I am comparing stats.ttest_ind() vs "manual" computation of the same test, and get different results.
import numpy as np
import pandas as pd
import scipy.stats as stats
import math
stats.ttest_ind() method:
#generate data
np.random.seed(123)
df = pd.DataFrame({
'age':np.random.normal(40,5,200).round(),
'sex':np.random.choice( ['male', 'female'], 200, p=[0.4, 0.6]),
})
#define groups
men = df.age[df.sex == 'male']
women = df.age[df.sex == 'female']
#run t-test
test_stat, test_p = stats.ttest_ind(men, women)
print(test_stat, test_p)
Out:
-0.9265613940505325 0.355282312357339
Manual method:
#mean
men_mean, women_mean = men.mean(), women.mean()
#standard deviation
men_sd, women_sd = men.std(ddof=1), women.std(ddof=1)
#standard error
men_n, women_n = len(men), len(women)
men_se, women_se = men_sd/math.sqrt(men_n), women_sd/math.sqrt(women_n)

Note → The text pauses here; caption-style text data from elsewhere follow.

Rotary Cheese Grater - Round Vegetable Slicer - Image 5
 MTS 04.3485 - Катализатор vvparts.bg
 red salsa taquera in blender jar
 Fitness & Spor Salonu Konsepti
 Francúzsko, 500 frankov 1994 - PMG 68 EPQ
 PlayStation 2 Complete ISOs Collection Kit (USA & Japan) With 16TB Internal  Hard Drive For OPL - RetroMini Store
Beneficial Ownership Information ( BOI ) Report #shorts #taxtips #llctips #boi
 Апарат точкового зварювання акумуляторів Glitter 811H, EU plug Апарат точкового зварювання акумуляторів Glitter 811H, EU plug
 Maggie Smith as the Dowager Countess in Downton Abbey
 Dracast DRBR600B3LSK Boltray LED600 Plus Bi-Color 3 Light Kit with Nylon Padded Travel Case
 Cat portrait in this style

#standard error on the difference between men and women
se_diff = math.sqrt(men_se**2.0 + women_se**2.0)
#t-stat
t_stat = (men_mean - women_mean) / se_diff
#degrees of freedom
df = men_n + women_n - 2
#critical value
alpha = 0.05
cv = stats.t.ppf(1.0 - alpha, df)
# p-value
p = (1 - stats.t.cdf(abs(t_stat), df)) * 2
print(t_stat, cv, p)
Out:
-0.9244538916746341 0.3563753194455255
We can see there's a small difference. Why? Maybe because of how stats.ttest_ind() computes degrees of freedom? Any insight much appreciated.